Please copy the data exactly as it stands, minus the images.

• _DATA SUPPLIED_:

________

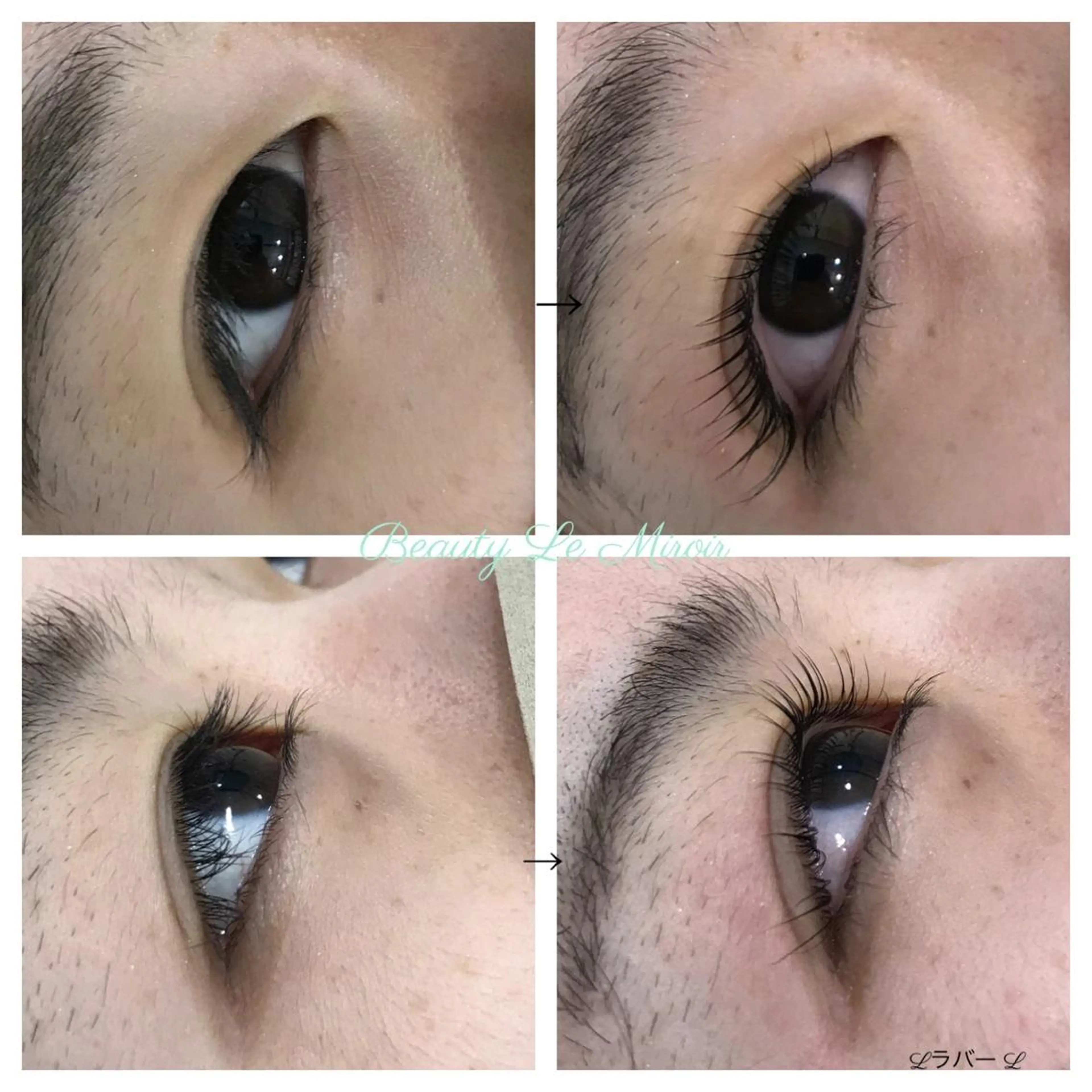 マツエク・マツパ ビューティー ミロワールのエステ・リラクイメージ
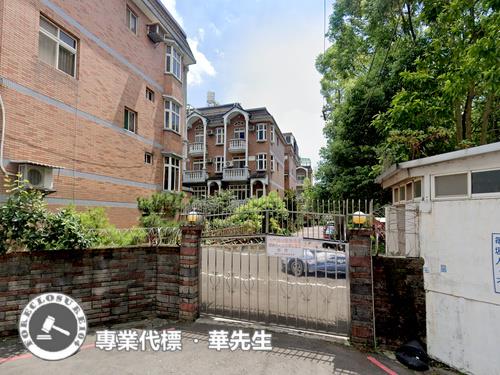 桃園透天法拍-4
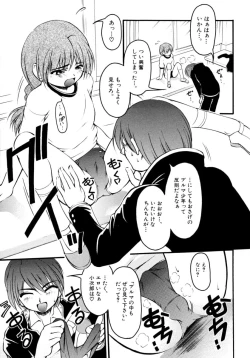 Page 121 of Shounen Shikou 15 - Shounen Shikou S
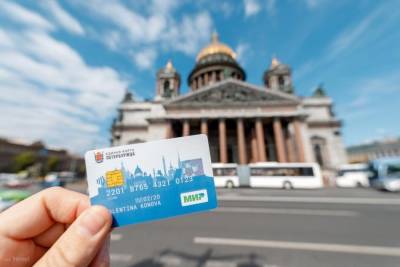 Держатели Единой карты петербуржца смогут обменивать баллы на билеты в музеи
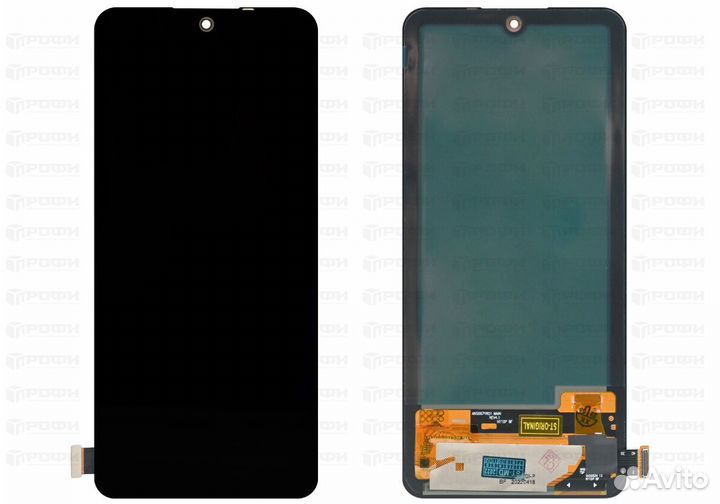 Дисплей Xiaomi Redmi Note 11 Pro 4G/Note 11 Pro 5G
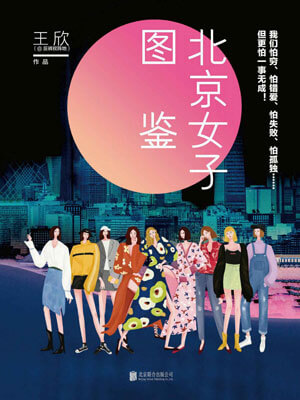 北京女子图鉴小说封面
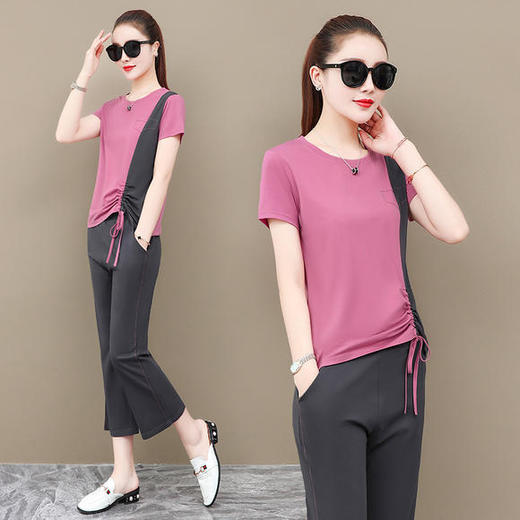 SP-DLC8-9008新款休闲时尚洋气阔腿裤两件套 商品图2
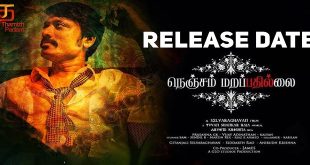 Nenjam Marappathillai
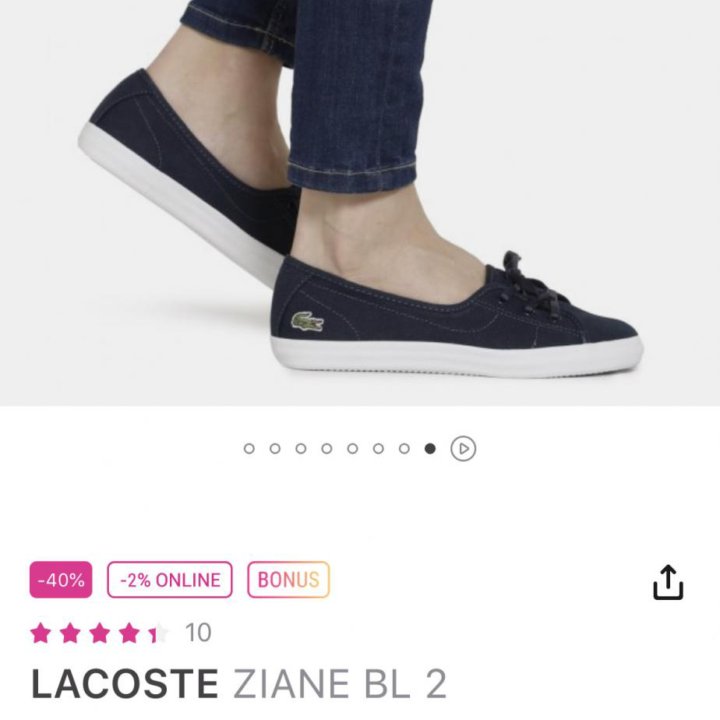 Кеды Lacoste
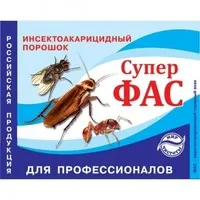 Супер Фас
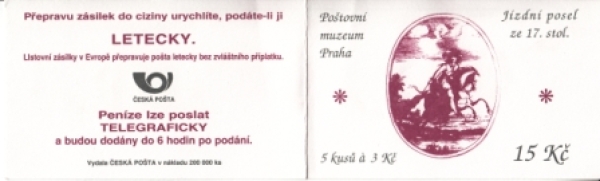 ZS 0028 ** - 1994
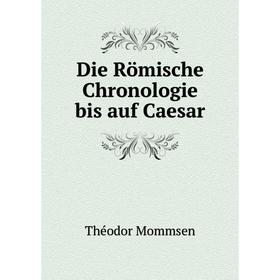 

Книга Die Römische Chronologie bis auf Caesar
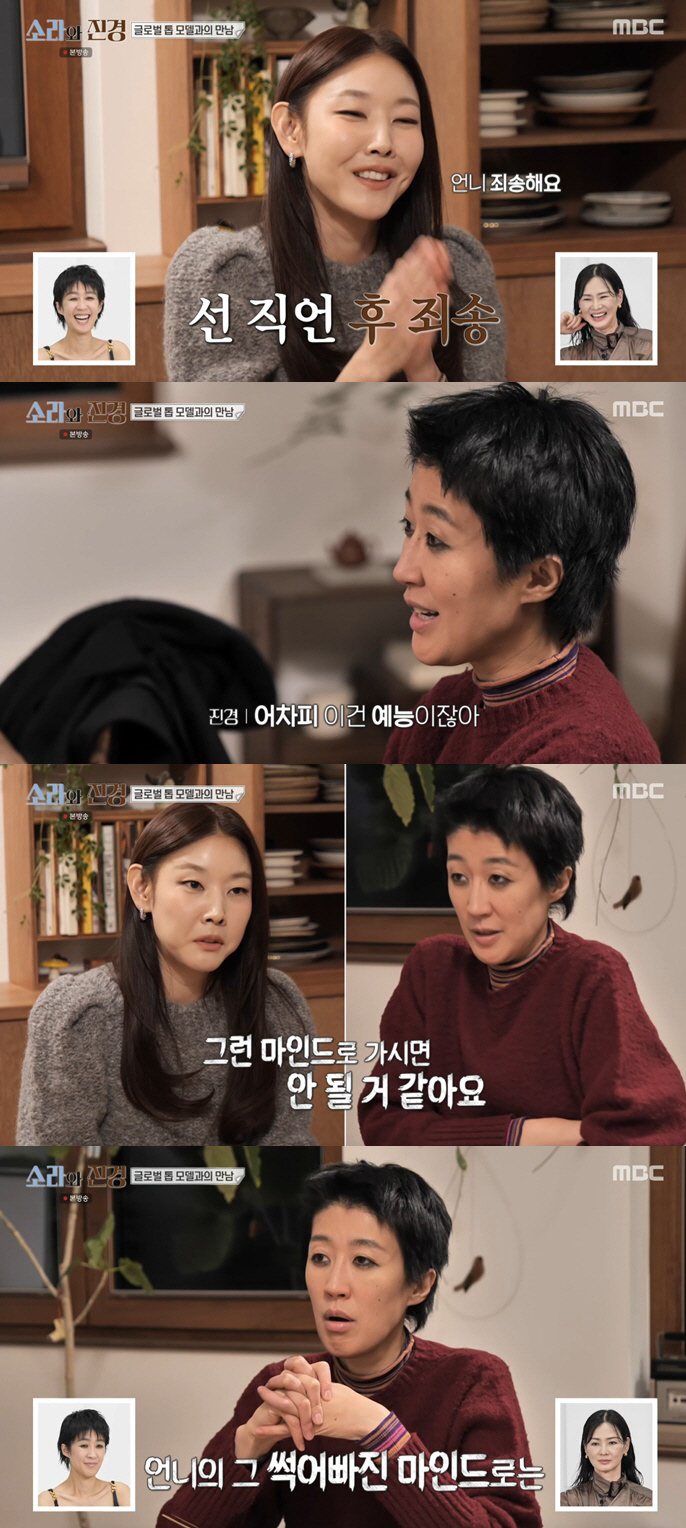한혜진, 선배 홍진경에 독설 "썩어빠진 마인드로는 파리서 후회"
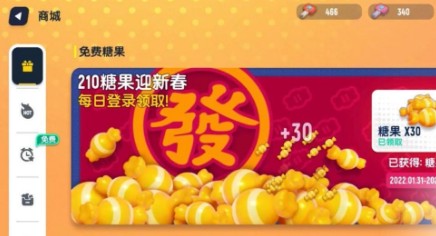 香肠派对春节版2024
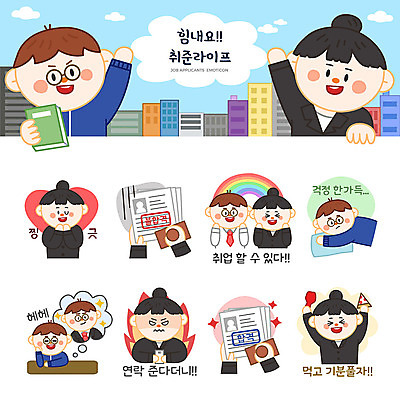 여자 남자 무지개 스티커 일러스트 응원 상상 불 피자 윙크 사람 여러명 성인 세트 치킨 구직 분노 비즈니스맨 비즈니스우먼 실업자 즐거움 합격 걱정 면접 취업준비생 이모티콘 불합격 성인만 국내일러스트 AI파일 자연요소 감정 다수 컨셉 비즈니스 패스트푸드 서양음식 표정 직장인 닭고기요리 파일형식 벡터
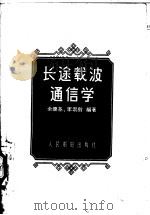 长途载波通信学 1958 PDF电子版封面 15045·总842有148 余焕基,李崇龄编著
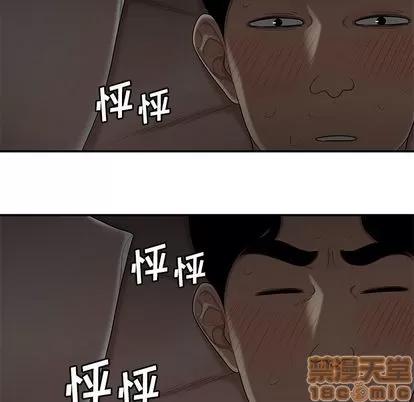 致命牢笼 致命牢笼 | 第3章 第55页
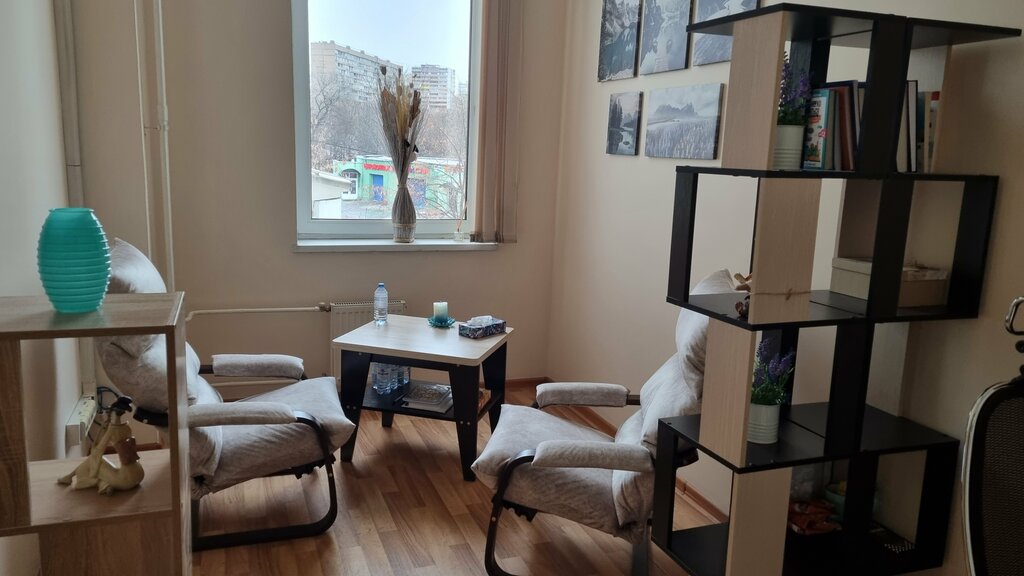 Psychological counseling Психолог Юлия Жученко, Moscow, photo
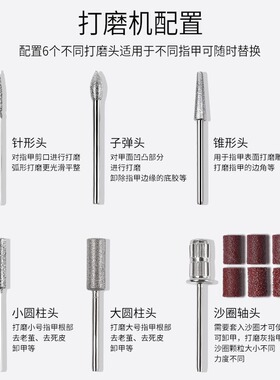 卸甲打磨机美甲店专用抛光磨甲卸指甲小型笔磨头便携笔式电动机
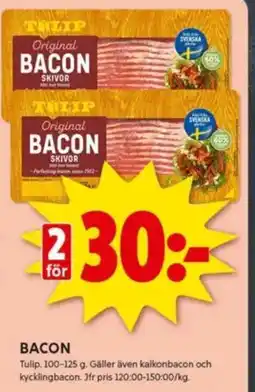 ICA Kvantum Bacon erbjuda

________

• _RESULT OF THE TASK_:
 マツエク・マツパ ビューティー ミロワールのエステ・リラクイメージ
 桃園透天法拍-4
 Page 121 of Shounen Shikou 15 - Shounen Shikou S
 Держатели Единой карты петербуржца смогут обменивать баллы на билеты в музеи
 Дисплей Xiaomi Redmi Note 11 Pro 4G/Note 11 Pro 5G
 北京女子图鉴小说封面
 SP-DLC8-9008新款休闲时尚洋气阔腿裤两件套 商品图2
 Nenjam Marappathillai
 Кеды Lacoste
 Супер Фас
 ZS 0028 ** - 1994

Книга Die Römische Chronologie bis auf Caesar
한혜진, 선배 홍진경에 독설 "썩어빠진 마인드로는 파리서 후회"
 香肠派对春节版2024
 여자 남자 무지개 스티커 일러스트 응원 상상 불 피자 윙크 사람 여러명 성인 세트 치킨 구직 분노 비즈니스맨 비즈니스우먼 실업자 즐거움 합격 걱정 면접 취업준비생 이모티콘 불합격 성인만 국내일러스트 AI파일 자연요소 감정 다수 컨셉 비즈니스 패스트푸드 서양음식 표정 직장인 닭고기요리 파일형식 벡터
 长途载波通信学 1958 PDF电子版封面 15045·总842有148 余焕基,李崇龄编著
 致命牢笼 致命牢笼 | 第3章 第55页
 Psychological counseling Психолог Юлия Жученко, Moscow, photo
 卸甲打磨机美甲店专用抛光磨甲卸指甲小型笔磨头便携笔式电动机
 ICA Kvantum Bacon erbjuda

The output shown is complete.